05 July 2018
Mica Guevara / Business Development Manager / NZTE Philippines
A taste for America
With long-standing cultural and historical links between the two countries, many Filipinos love all things American – and food and beverage is no exception.
Open the pantry in any typical Filipino household and you’ll see names like Spam, Pringles, and Kellogg’s, along with many other well-known American F&B brands.
Consumers in the Philippines are used to Western-style foods and American products in particular, and that’s helped make the United States the biggest foreign player in the Filipino F&B market - with a whopping US$1 billion market share across the consumer, foodservice and B2B sectors.

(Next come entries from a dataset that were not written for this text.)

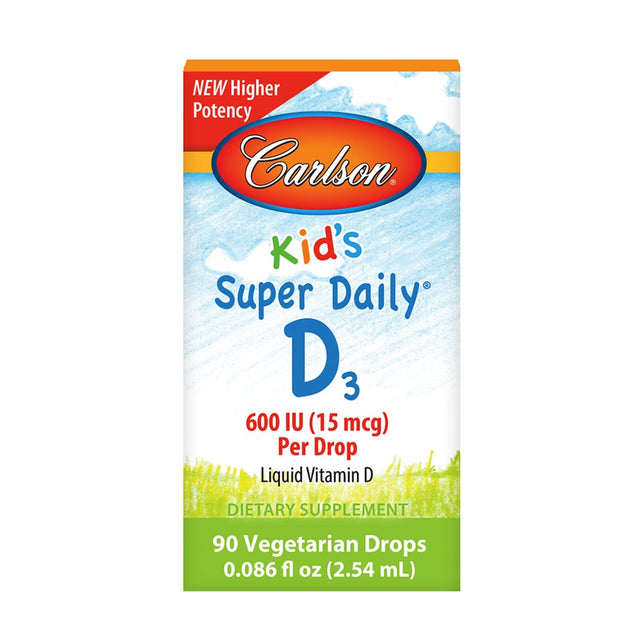 Carlson - Kid'S Super Daily D3, Vitamin D Drops, 600 IU (50 Mcg) per Drop, Vegetarian, Unflavored, 90 Drops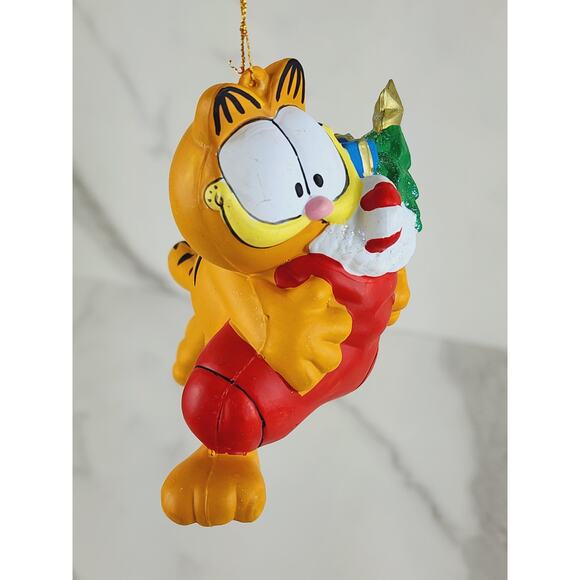 Garfield w/ Tree Ornament 4" Christmas Stocking Holidays 90's Kurt Adler Vintage - Picture 13 of 15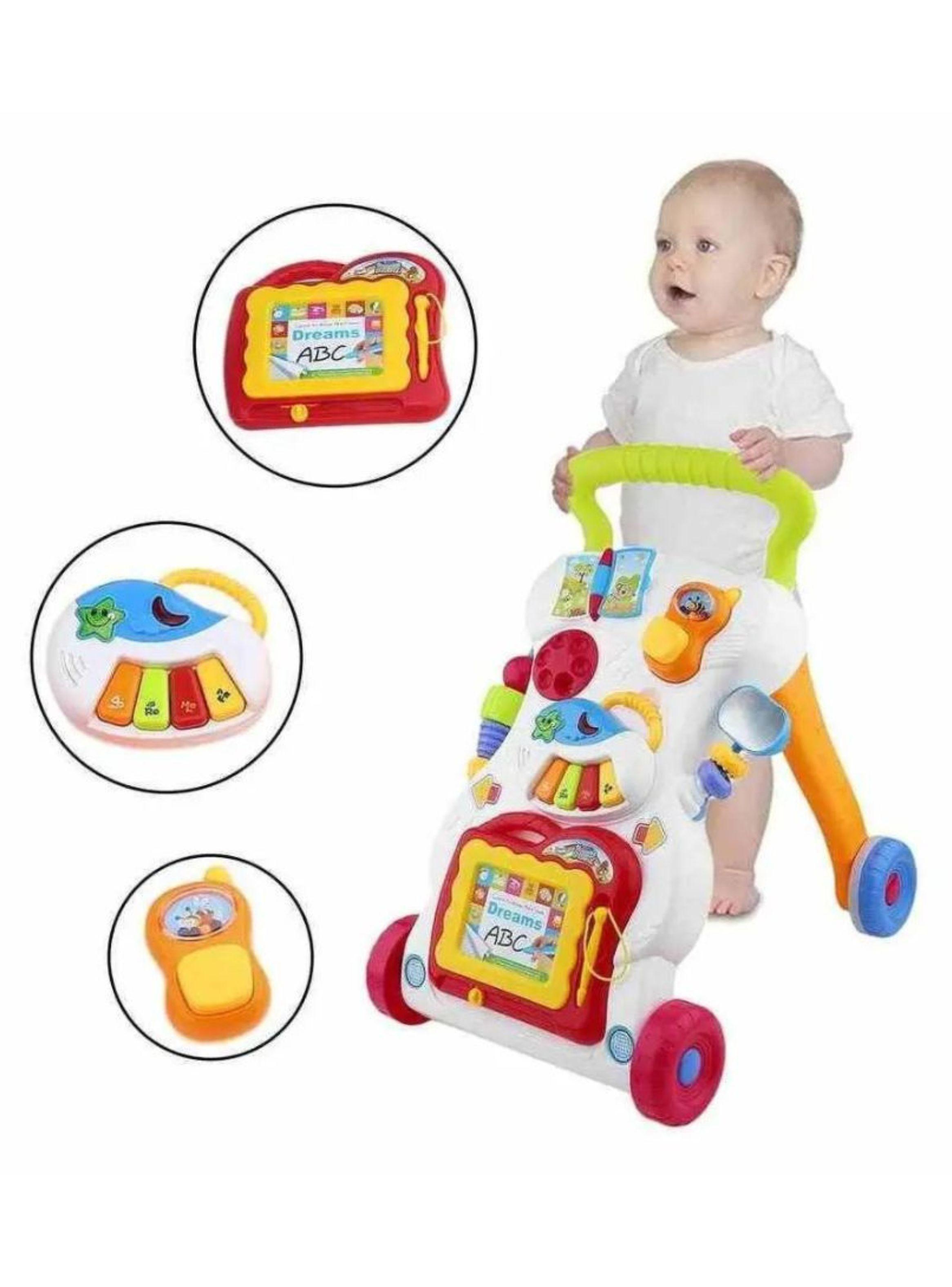 Andador Caminador Musical 2 en 1 Didáctico con Pizarra Mágica y Piano para Bebé-4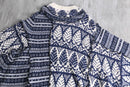“Re:make”navy×white zip-in nordic knit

18 percent of food imported into the Philippines comes from the United States. Top American imports include dairy products, red meat, poultry, processed food and vegetables, and a huge range of American snack foods - from corn chips, potato crisps and popcorn through to chocolate, candy and biscuits.
There’s room for more
So with a billion-dollar American presence in the Philippines F&B market, is there any space for newcomers to get a share?
Here are several trends creating new potential in the Philippines for New Zealand companies.
Growth is spreading beyond metropolitan Manila. Prosperity is extending out from the capital into other regions, especially Cebu which is a hotspot for resorts, hotels and international outsourcing. Retailers and foodservice companies are expanding their regional networks to serve new F&B demand – and having a distributor that can serve the whole country, including growth areas, is more important than ever.
Consumers are becoming more health-conscious. More than 6 million Filipinos now suffer from diabetes, and new taxes have been implemented for sugar-sweetened drinks. New Zealand products that suit healthier lifestyles or weight management have great potential for growth – even better if they’re conveniently packaged for healthy snacks or meals on the run.
Foodservice is big business, and growing. The Philippines is the tenth fastest-growing foodservice market in the world. With more dual-income households, more women in the workforce, and overseas remittances adding over US$30 billion a year to Filipinos’ purchasing power, eating out or ordering from a delivery service is becoming an everyday choice.
Local manufacturers are hungry for ingredients. The three largest food processors in the Philippines have nearly US$6 billion in revenue combined, and the sector as a whole is now worth almost US$30 billion. Large conglomerates and multinationals are constantly seeking high-quality imported ingredients to fuel their operations.
Three keys to success
To convert these trends into real business in the Philippines, you’ll need to think hard about your route to market, and secure the right channel partner to help you succeed.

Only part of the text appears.